● **AIM OF THE TASK**
Give back exactly the lines of the data below, starting with the line that has "100% alpaca scarf, 'Grey" and going on through the line that has "New Manga Lashes".

● **INPUT DATA**
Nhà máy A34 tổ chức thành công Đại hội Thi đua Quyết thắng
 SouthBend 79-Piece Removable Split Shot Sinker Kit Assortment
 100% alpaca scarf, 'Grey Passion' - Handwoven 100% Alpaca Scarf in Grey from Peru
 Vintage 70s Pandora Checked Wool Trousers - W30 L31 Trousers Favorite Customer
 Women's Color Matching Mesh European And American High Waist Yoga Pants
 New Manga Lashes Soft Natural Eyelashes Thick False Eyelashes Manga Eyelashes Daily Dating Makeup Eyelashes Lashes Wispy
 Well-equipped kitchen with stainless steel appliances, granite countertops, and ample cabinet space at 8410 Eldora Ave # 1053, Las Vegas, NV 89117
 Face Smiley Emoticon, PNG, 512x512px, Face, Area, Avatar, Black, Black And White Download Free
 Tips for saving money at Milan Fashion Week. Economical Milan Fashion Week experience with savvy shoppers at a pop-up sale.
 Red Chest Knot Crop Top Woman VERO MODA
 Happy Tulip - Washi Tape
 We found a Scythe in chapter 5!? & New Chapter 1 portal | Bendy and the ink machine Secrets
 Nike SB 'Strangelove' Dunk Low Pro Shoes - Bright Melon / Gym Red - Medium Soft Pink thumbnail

● **TASK ANSWER**
 100% alpaca scarf, 'Grey Passion' - Handwoven 100% Alpaca Scarf in Grey from Peru
 Vintage 70s Pandora Checked Wool Trousers - W30 L31 Trousers Favorite Customer
 Women's Color Matching Mesh European And American High Waist Yoga Pants
 New Manga Lashes Soft Natural Eyelashes Thick False Eyelashes Manga Eyelashes Daily Dating Makeup Eyelashes Lashes Wispy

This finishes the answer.